One-call-close scenario (conservative stats):

  • 1,250 calls x 70% show rate = 875 people show up
  • 875 x 15% close rate = ~131 clients closed
  • 131 x $7,500 cash collected = $984,000 gross revenue
  • Expenses: $250,000 (ad spend) + $15,000 (marketing/agency) + $196,800 (20% commission on $984K)
  • Gross profit: ~$522,000

The key insight: Both models land just shy of $1,000,000/month with these specific KPIs — around $972K-$984K in gross revenue. Both produce approximately 130-131 high-ticket clients in the month. Notice that the one-call-close (with deliberately conservative stats) slightly outperforms the two-call-close (with optimistic stats) — this is why Jeremy is biased toward one-call-close models.
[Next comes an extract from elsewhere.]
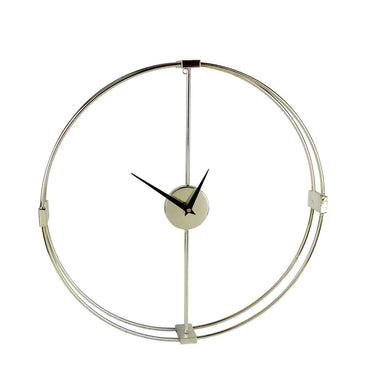 AMAZINGLY DESIGNED METAL MODERN WALL CLOCK, GOLD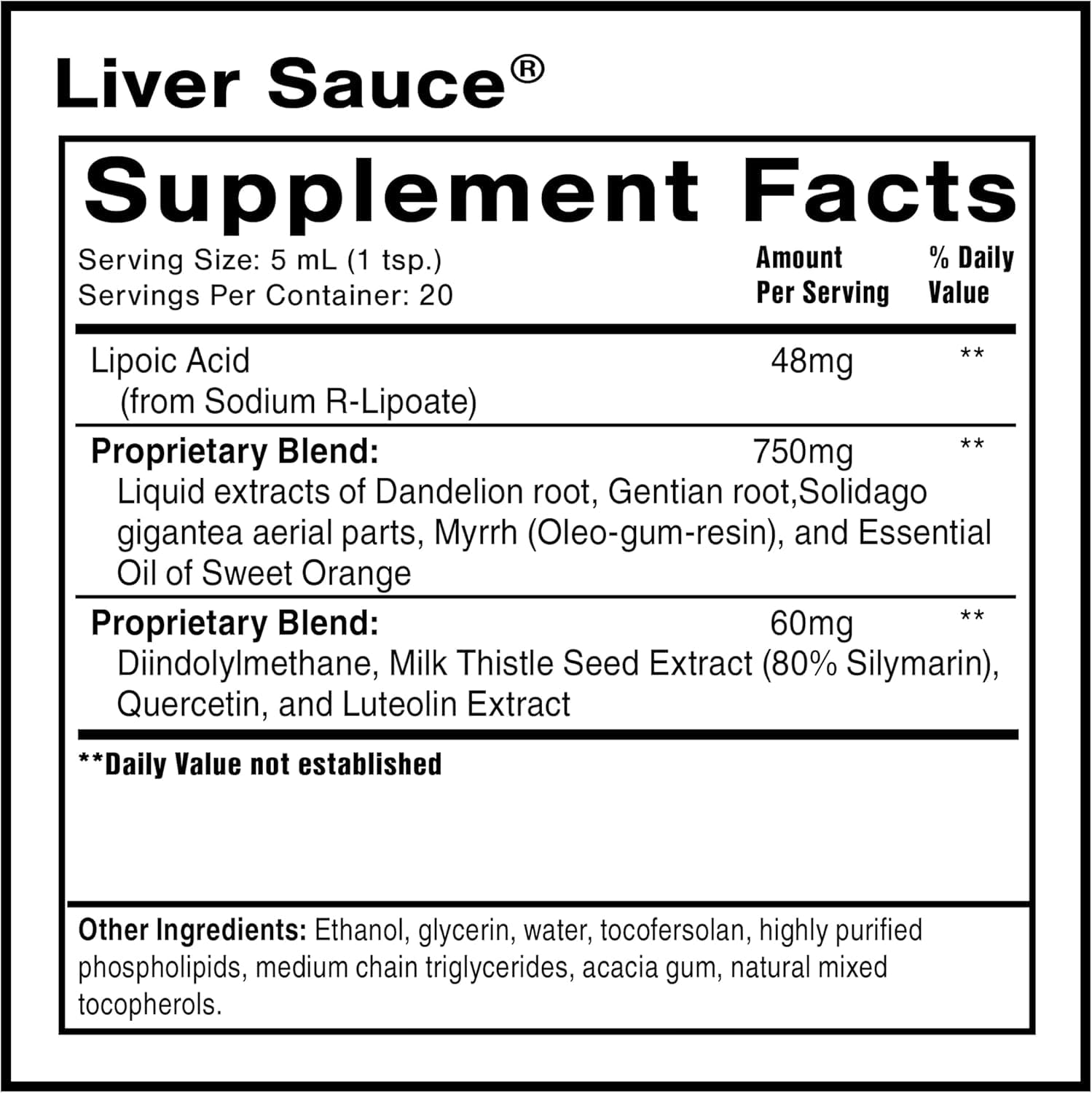 Quicksilver Scientific Liver Sauce, Quercetin, 100 ml / 3.38 oz — Amazon image 2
Every additional step erodes volume.

The Five Levers to Cross $1M/Month

If the financial model shows you're close but not quite at your revenue target, there are exactly five levers to pull:

  1. Spend more — Increase monthly ad budget to generate more calls
  2. Lower cost per call — Optimize ads, funnel, and Typeform/Calendly integration to reduce CPC
  3. Raise show rate — Implement the Hammer Them strategy and iPhone outreach (Steps 3-4)
  4. Raise close rate — Better sales management, daily training, proper framing (Step 5)
  5. Collect more per sale — Increase price, add upsells, or improve payment structure to increase cash collected per transaction

Any one of these improving by even a small amount can push you over the threshold. In the example above, going from $200 cost per call to $180 — or going from 15% close rate to 17% — would cross the million-dollar line.

Factor in Lifetime Value

The financial model above only shows month-one cash collected. You should also model lifetime value (LTV) — the total revenue a client generates over their entire relationship with your business. Factor in what your LTV is and over what duration it comes. A client who pays $7,500 upfront but generates $25,000 over 12 months changes the math significantly for how much you can afford to spend per call.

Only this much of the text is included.